Quebec, the Liberals, the NDP, and ISIS 

by J. L. Granatstein

The position taken by the New Democratic Party on Canadian airstrikes against ISIS on October 6 and 7 is surely no surprise. The NDP, no matter its leader, no matter the war, has always been very cool to any military action other than peacekeeping of the most benign kind. The party also has resisted calls to spend public money on the Canadian Forces. The Justin Trudeau Liberal Party position was also not much of a surprise, though its incoherence was perhaps a reflection of Trudeau’s lack of familiarity with foreign and defence policy. What was unusual this time was that two Liberal grandees, Lloyd Axworthy and Bob Rae, neither known in the past for being remotely hawkish, disagreed with Mr Trudeau and his caucus and supported Canadian military involvement against ISIS.

But what is really at stake in this issue for the NDP and the Grits is Quebec.

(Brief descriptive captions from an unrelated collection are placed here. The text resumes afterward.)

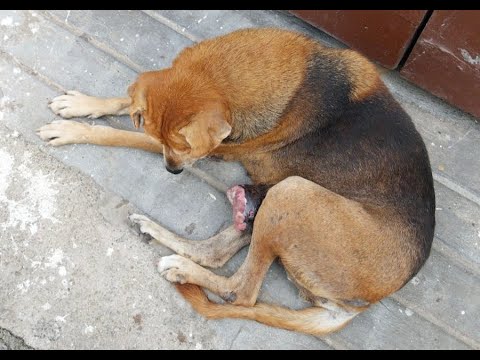 Stray Dog Rescues- Help Indian dogs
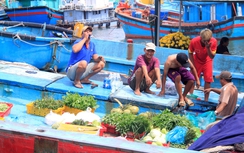 Ngư dân Bình Định phấn khởi mở chuyến biển đầu năm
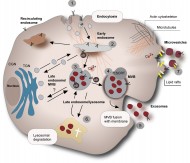 celltransport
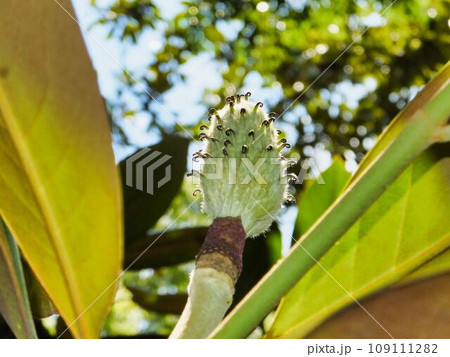 タイサンボクの白茶色の実 タイサンボクの白茶色の実 109111282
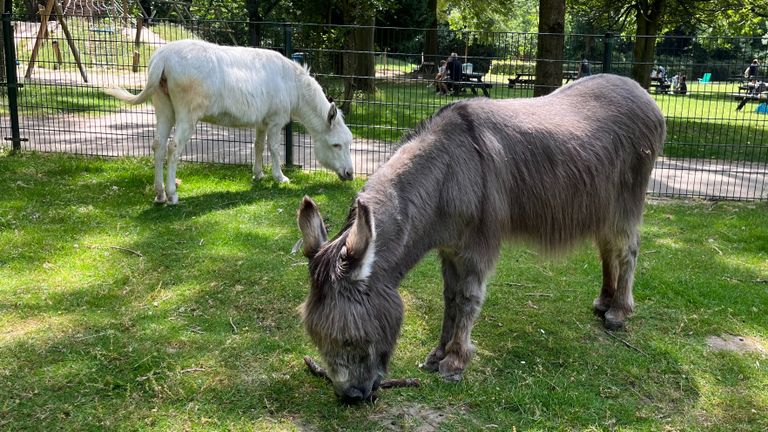 Anja (links) en Basje (rechts).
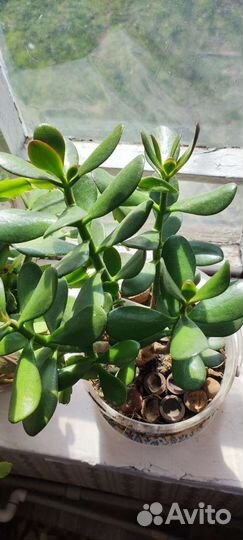 Алоэ вера и денежное растение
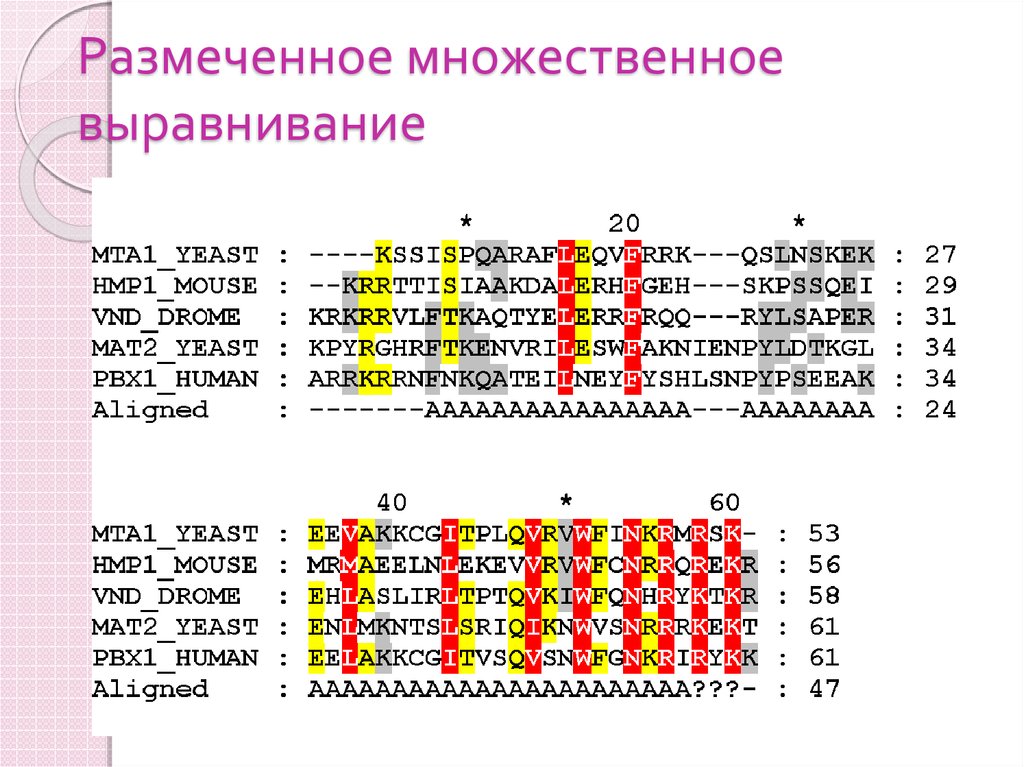 Множественное выравнивание. Выравнивание последовательностей. Множественное выравнивание белков. Множественное выравнивание последовательностей. Множественное выравнивание биоинформатика.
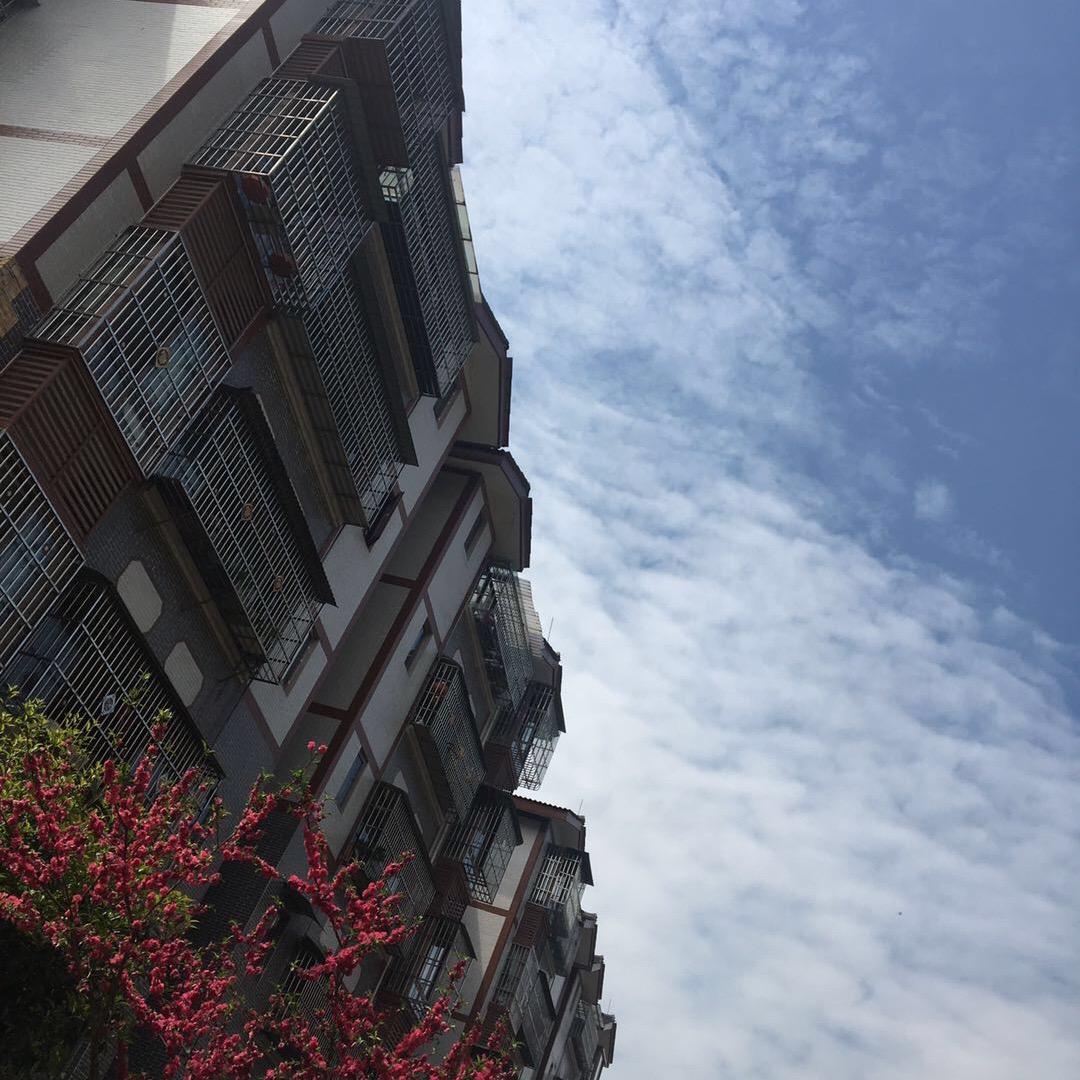 莲花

With a federal election at most a year away, with the NDP presently holding 55 seats and the Liberals 8 of the province’s 75 seats, much rests on the attitudes and voting intentions of Quebeckers. A recent Leger poll (taken from 22 to 25 September) had the Liberals leading the NDP in Quebec 39 percent to 29 among all voters. Among francophone voters, however, the NDP had a slim 32 to 30 percent lead. In other words, the francophone electorate remains very much in play.

This explains the Liberal and NDP positions on the ISIS question. Both leaders understand Quebec’s attitudes to the military and the use of force in international relations. Quebec public opinion was against Canadian involvement in the South African War in 1899, even with the French Canadian Sir Wilfrid Laurier as prime minister, and it was very cool to anything but voluntary enlistment for overseas service in the Great War and in the Second World War. In both world wars, conscription tore apart Canada’s federal political parties, and it took strong prime ministerial leadership from Louis St Laurent to get the acquiescence of his compatriots to Canadian membership in the North Atlantic Treaty in 1949.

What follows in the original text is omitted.